Neptune in shared environment and computational resourcesAugust 4, 2019 at 7:47pm (Edited 1 month ago)
August 4, 2019 at 7:49pm
Your original request: https://spectrum.chat/thread/6d1d5ca7-5a72-4234-b748-d5cb68713dd0?m=MTU2NDY2Njg0MTQxMg==
Let me quote it here @jasperl :
I think a lot of people work in an environment where computational recources are shared and interfaced through a job system like slurm. To keep track of experiments in such a system it is vital to be able to easily continue experiments (say in case my job was suspended to give way for a higher priority job).
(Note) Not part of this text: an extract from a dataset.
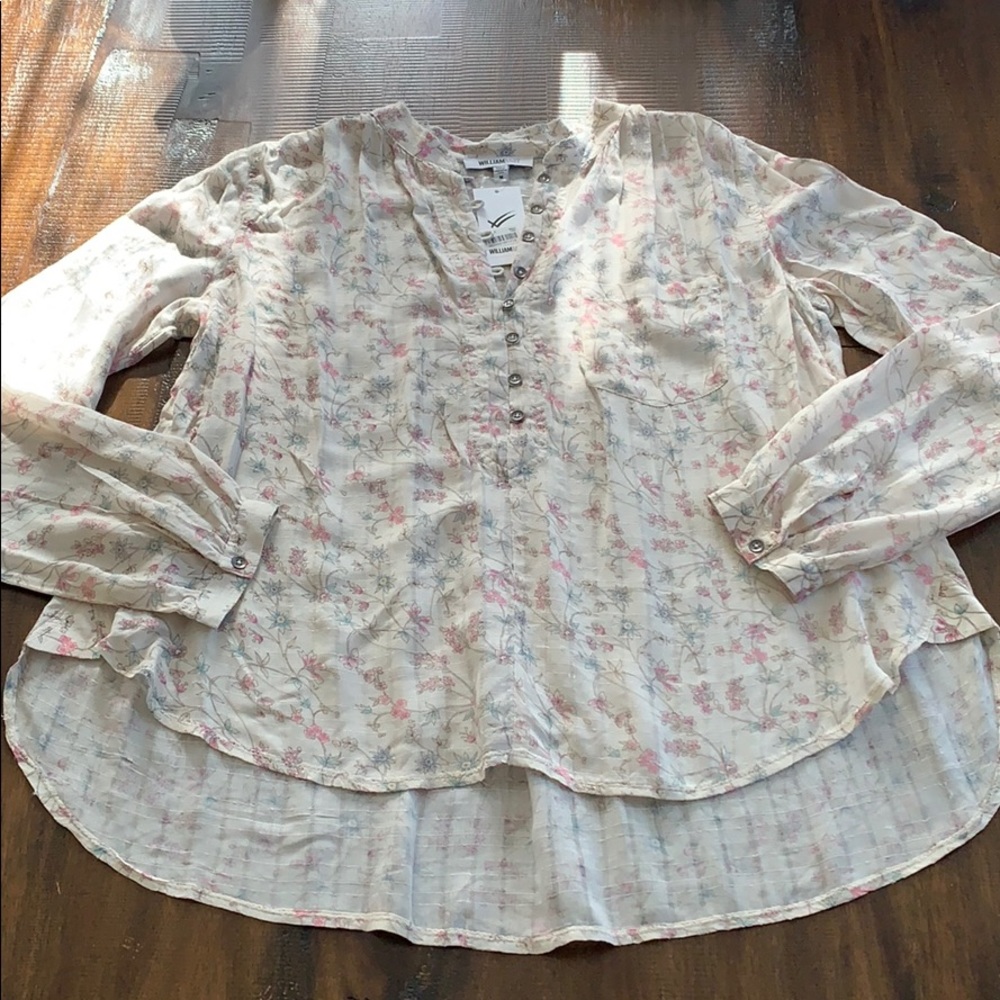 WILLIAM RAST Floral Lightweight Blouse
I really like the dashboard on neptune.ml currently, but this could be a deal breaker for me in the future. So better support for continuing experiments: logging sysout, std err, system info and updating the status of resumed experiments would be a big improvement for me (and I think for many other users as well).
On general level I see that in Neptune we need to provide better experience for Users who use shared resources. Particularly allowing them to re-open / continue suspended / stopped experiment.
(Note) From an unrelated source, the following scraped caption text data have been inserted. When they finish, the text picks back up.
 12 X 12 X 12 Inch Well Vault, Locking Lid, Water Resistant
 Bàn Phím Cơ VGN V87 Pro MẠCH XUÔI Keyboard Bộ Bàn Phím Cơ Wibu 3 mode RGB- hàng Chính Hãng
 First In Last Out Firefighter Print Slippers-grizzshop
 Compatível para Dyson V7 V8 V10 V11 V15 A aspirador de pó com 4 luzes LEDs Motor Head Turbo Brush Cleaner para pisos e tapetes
We already have some support. For example you have your stdout, stderr and git info tracked automatically. Check this example experiment: https://ui.neptune.ml/o/neptune-ml/org/credit-default-prediction/e/CRED-123/monitoring .
Let me post a question: Would you prefer to re-open / continue experiment or link multiple experiments together? Latter idea is that if your experiment happens in multiple chunks, you have 1 experiment per chunk, but all of them are linked together, so you can analyse them as single super-experiment.
Regarding system information needed: right now Neptune track hostname and hardware utilization metrics. What additional information do you need to have in Neptune?